Some of the commandments seem somewhat dated, witness #2: "You will never become a .300 hitter unless you take the bat off your shoulder." -- this sounds like something Dusty Baker might say, right? -- but many of them can help us in life lessons as well, such as #7 ("Always run them out. You never can tell."), #8 ("Never quit.") and #9 ("Do not find too much fault with the umpires. You cannot expect them to be as perfect as you are.").

Thorne deftly weaves in both baseball stories and stories from his own life and the lives of his family in showing how we can apply McCarthy's lessons as we go through living today. Despite some annoying typos (Curt Schilling's name is spelled "Shilling" throughout), I enjoyed this book and Thorne's "positive thinking" message is one that each and every one of us can use, especially in today's trying times.

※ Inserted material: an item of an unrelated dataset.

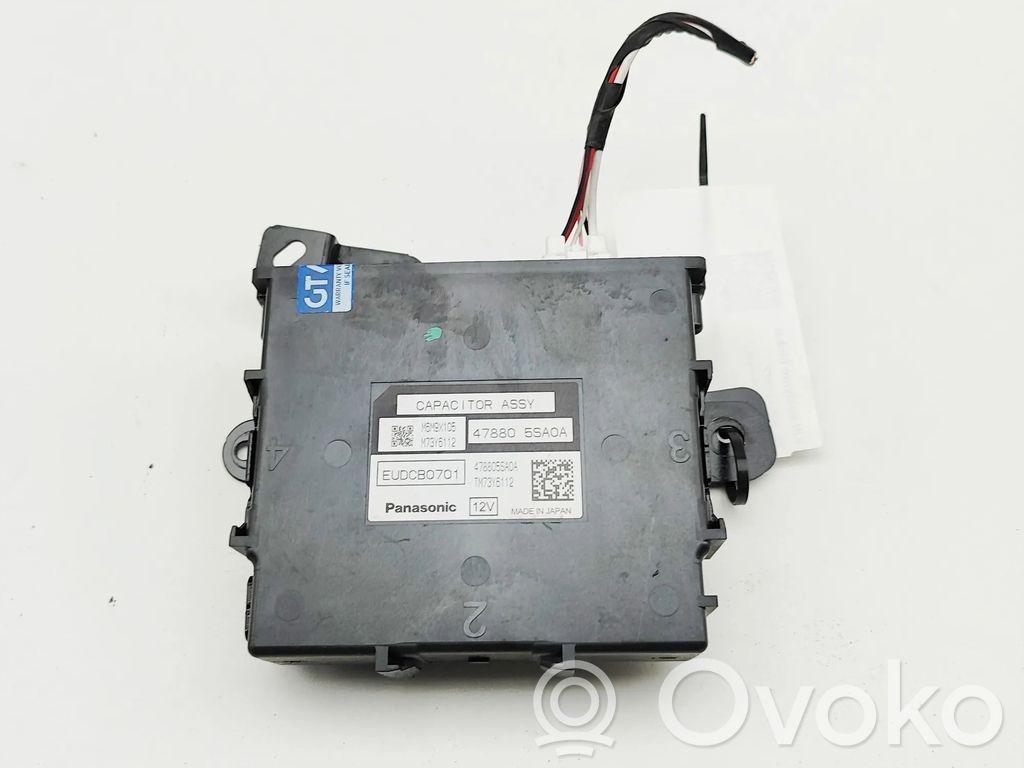 Renault Zoe Unitate/modul comandă sistem frânare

Before I tell you how you can get this book, a word about Joe McCarthy. McCarthy managed the Cubs from 1926-1930, having five winning seasons and winning the 1929 pennant (and that team may have had the best shot of any post-1908 team of winning the World Series, had they not blown a couple of leads and gotten tricked by Connie Mack when he started 35-year-old Howard Ehmke in game 1, rather than one of his star pitchers, after Ehmke had scouted the Cubs diligently at the end of the season). After a down year in 1930, McCarthy was dismissed. What a mistake -- one of the biggest in the history of the franchise. McCarthy was immediately hired by the Yankees and won eight pennants and seven World Series between 1932 and 1943, and nearly took the Red Sox to the Series in 1948 (they lost the first pennant playoff). If only the Cubs had followed McCarthy's third commandment, "If what you did yesterday still looks big to you, you haven't done much today." -- maybe they'd have kept him and had some of the success the Yankees did (McCarthy's Yankees beat the Cubs in the World Series twice, in 1932 and 1938).

You can get this book only at the Sporting Chance Press website, as for now the publisher, based in Crystal Lake, wants to start small. If you happen to be in Cooperstown, the book has also been chosen to be sold at the Hall of Fame Gift Shop (though not in their online store).

It's a nice, fun read and maybe you'll learn something, too.